■ What the task requires
Restate word for word the section of the entries that opens at the line containing "[New] vivo Y03" and closes at the line containing "Portræt af en", both lines kept, pictures dropped.

■ Data provided
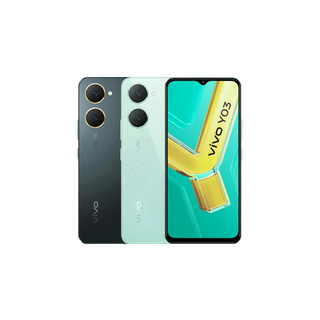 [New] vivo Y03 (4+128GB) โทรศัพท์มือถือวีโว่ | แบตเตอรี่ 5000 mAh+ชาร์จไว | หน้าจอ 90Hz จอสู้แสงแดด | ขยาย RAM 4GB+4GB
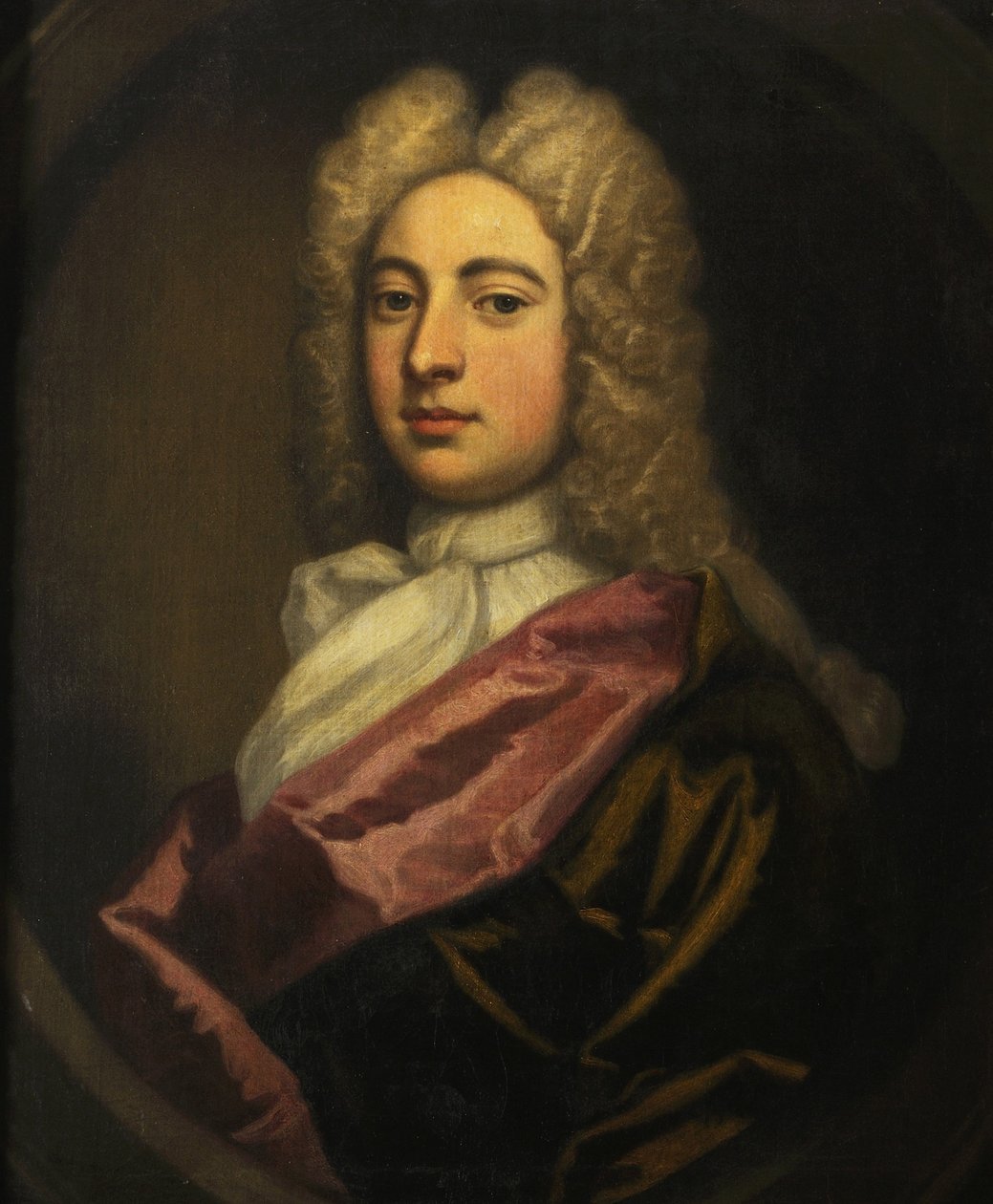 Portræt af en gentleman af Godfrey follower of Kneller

---

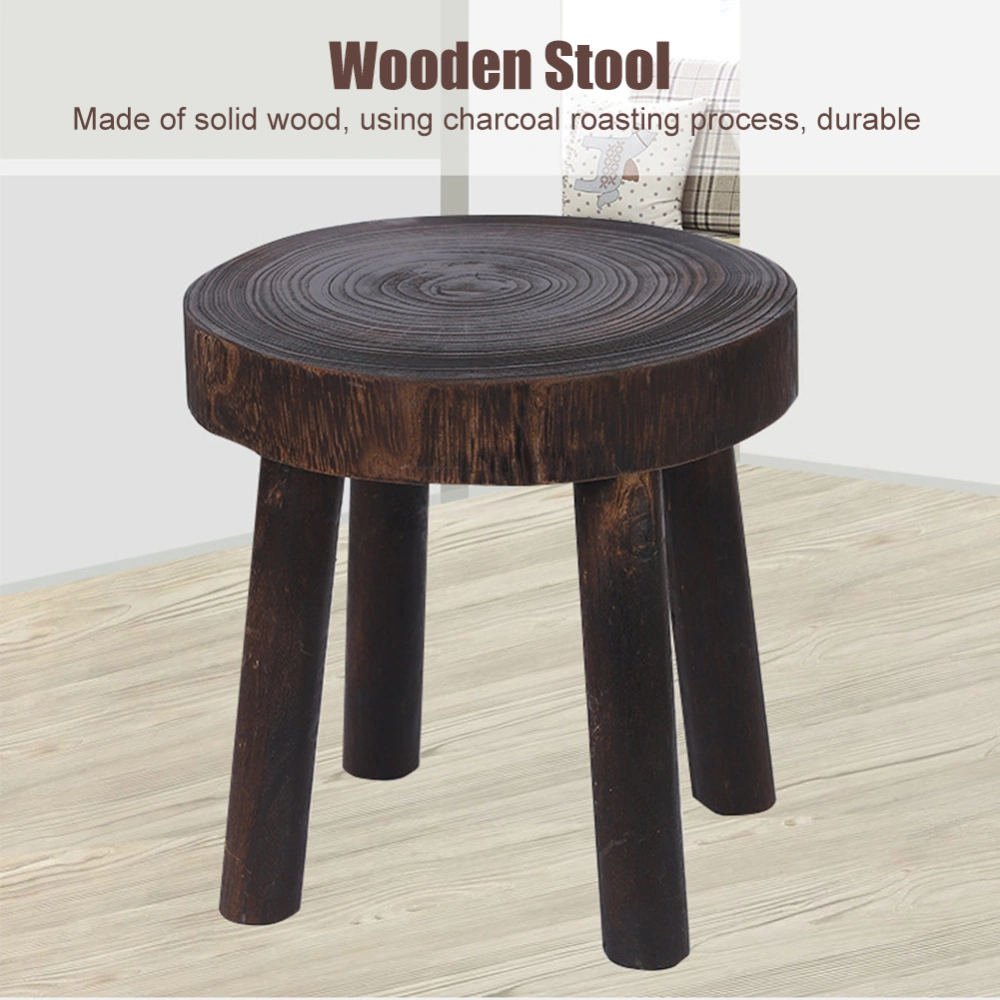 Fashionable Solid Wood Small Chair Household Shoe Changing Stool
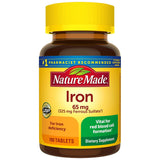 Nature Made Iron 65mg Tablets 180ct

* * *

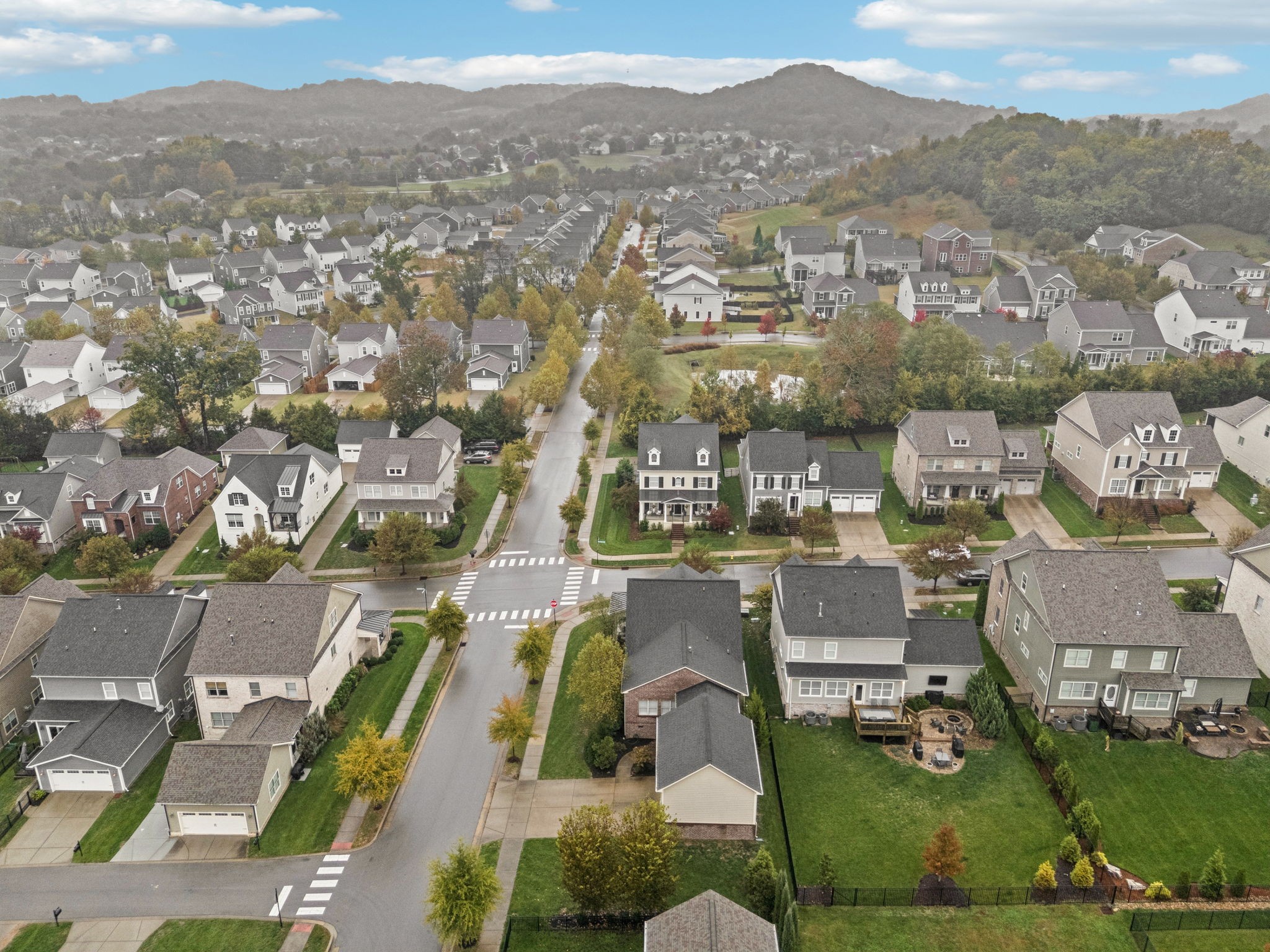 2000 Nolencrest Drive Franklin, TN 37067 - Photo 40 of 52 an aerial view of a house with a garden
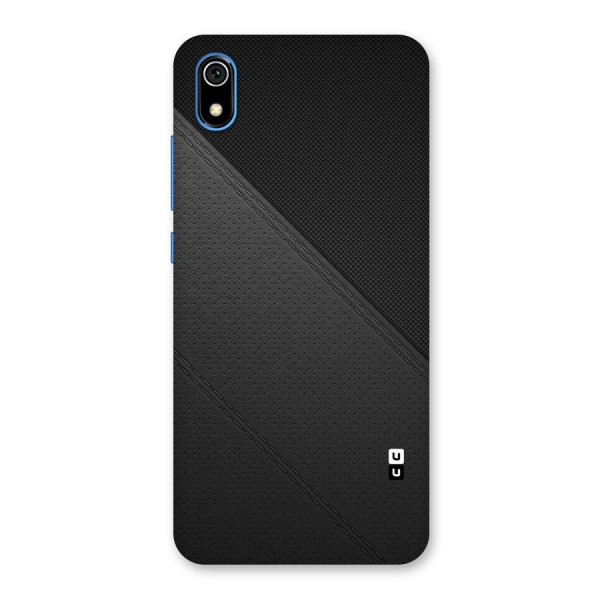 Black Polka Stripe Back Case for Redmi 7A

■ Solution to this exercise
 [New] vivo Y03 (4+128GB) โทรศัพท์มือถือวีโว่ | แบตเตอรี่ 5000 mAh+ชาร์จไว | หน้าจอ 90Hz จอสู้แสงแดด | ขยาย RAM 4GB+4GB
 Portræt af en gentleman af Godfrey follower of Kneller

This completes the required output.